[Stored records]
━━━━━━━━

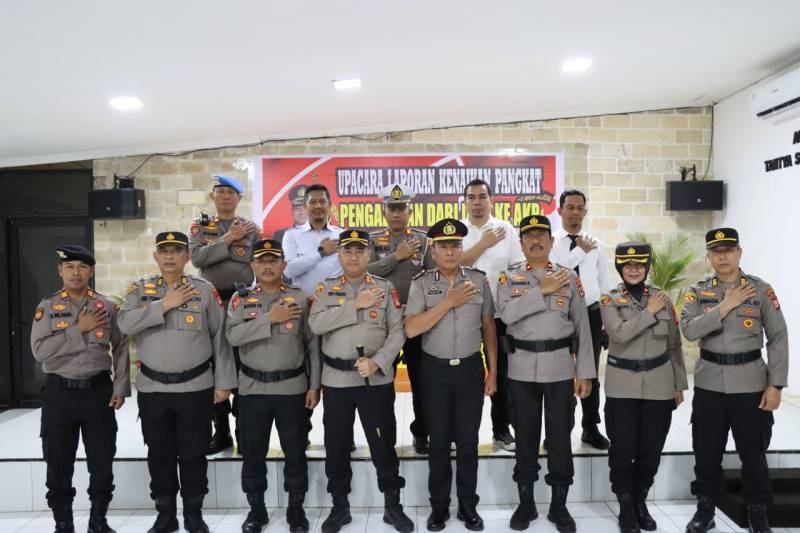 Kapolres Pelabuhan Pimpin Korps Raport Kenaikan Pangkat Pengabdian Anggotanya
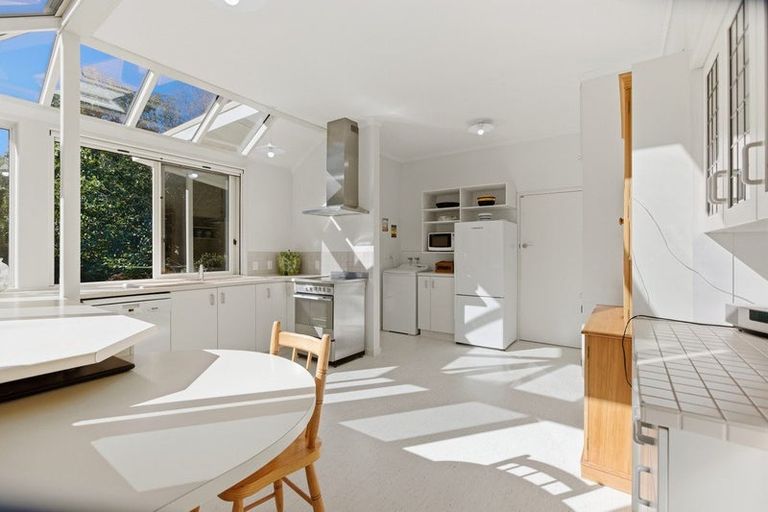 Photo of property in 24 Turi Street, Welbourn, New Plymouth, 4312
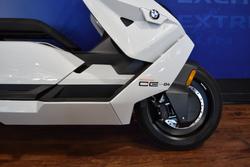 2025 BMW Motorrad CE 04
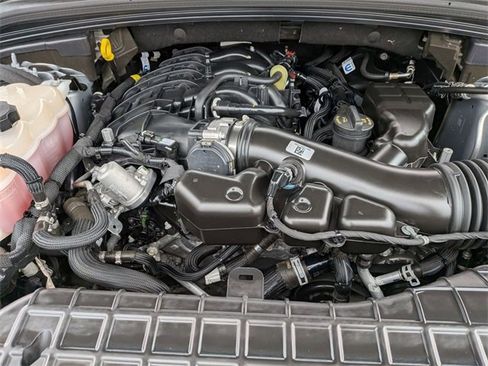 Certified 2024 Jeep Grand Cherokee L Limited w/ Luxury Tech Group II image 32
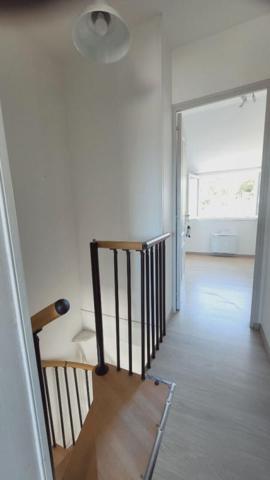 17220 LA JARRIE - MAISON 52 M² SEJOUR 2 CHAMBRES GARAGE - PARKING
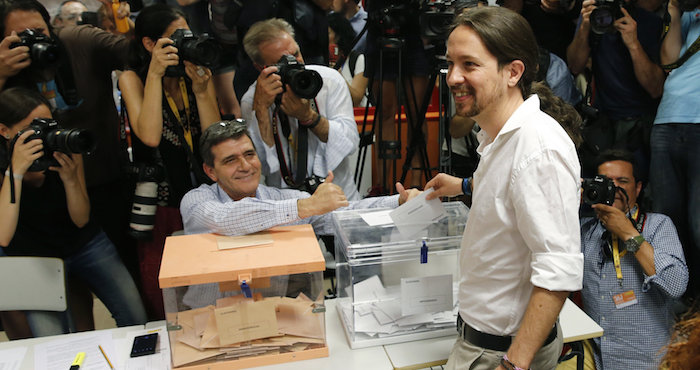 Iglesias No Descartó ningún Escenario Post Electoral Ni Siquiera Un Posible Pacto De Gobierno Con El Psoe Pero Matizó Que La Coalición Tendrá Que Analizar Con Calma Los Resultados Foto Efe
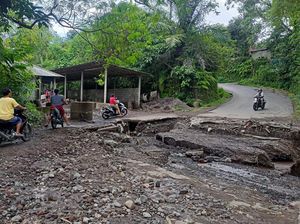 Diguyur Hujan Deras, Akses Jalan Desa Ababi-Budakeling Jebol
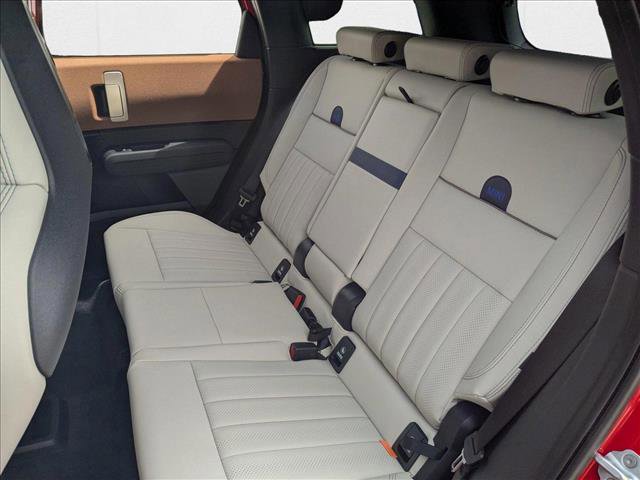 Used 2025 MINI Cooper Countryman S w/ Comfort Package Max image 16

━━━━━━━━

Exercise brief: Quote only the lines that start at the line holding "Photo of property" and end at the last line of the entries, including both of those lines, and omit every picture.

Response to the exercise:
 Photo of property in 24 Turi Street, Welbourn, New Plymouth, 4312
 2025 BMW Motorrad CE 04
 Certified 2024 Jeep Grand Cherokee L Limited w/ Luxury Tech Group II image 32
 17220 LA JARRIE - MAISON 52 M² SEJOUR 2 CHAMBRES GARAGE - PARKING
 Iglesias No Descartó ningún Escenario Post Electoral Ni Siquiera Un Posible Pacto De Gobierno Con El Psoe Pero Matizó Que La Coalición Tendrá Que Analizar Con Calma Los Resultados Foto Efe
 Diguyur Hujan Deras, Akses Jalan Desa Ababi-Budakeling Jebol
 Used 2025 MINI Cooper Countryman S w/ Comfort Package Max image 16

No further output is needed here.